By the end of this workshop we will hopefully have learned:
    
--
    
1. General Principles of Data Wrangling

--
    
2. Basic, but powerful, tools for reshaping data

3. How to apply these principles on actual research projects (plus heteroskedastic error corrections!)

---
    
# What packages do I need to follow along 
    
This talk is completely in **R**.

We will spend our time using functions from the following packages:

`tidyverse`: The absolute workhorse king for data wrangling in R

`haven`: The best way to read in Stata files to R

`estimatr`: The easiest way to get HC* error corrections

`lmtest`: For when estimatr fails us.

---

# Data Wrangling

Working with data means answering three questions

What do we want to do?

How do we instruct a computer to do that thing?

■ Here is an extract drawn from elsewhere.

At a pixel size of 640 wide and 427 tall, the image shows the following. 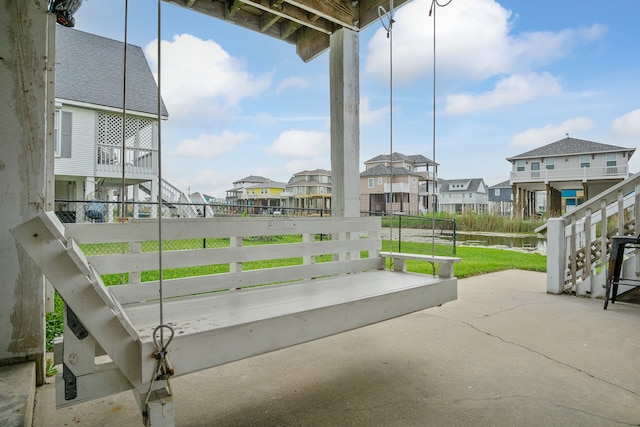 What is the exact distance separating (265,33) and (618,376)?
12.4ft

How do we execute that thing in a reasonable amount of time?

---

# Tidy Data

A way to help us get started is to constrain our data to be tidy

Tidy data means:

- Each Variable is saved in its own column 
  - Each Observation is saved in its own row 
  - Each Cell is a single value

Tidy data makes the analysis of data **much** easier for you and for your future self

---

# The Verbs of Data Wrangling

Data Wrangling has a few major "verbs". The most common ones in every day data analysis are:

`arrange()`: Order observations according to a condition.

`filter()`: Pick observations and variables of interest.

`group_by()`: Organize observations into groups of observations

`mutate()`: Make a new variable or change an existing variable according to a condition

`select()`: Include or exclude a variable of interest.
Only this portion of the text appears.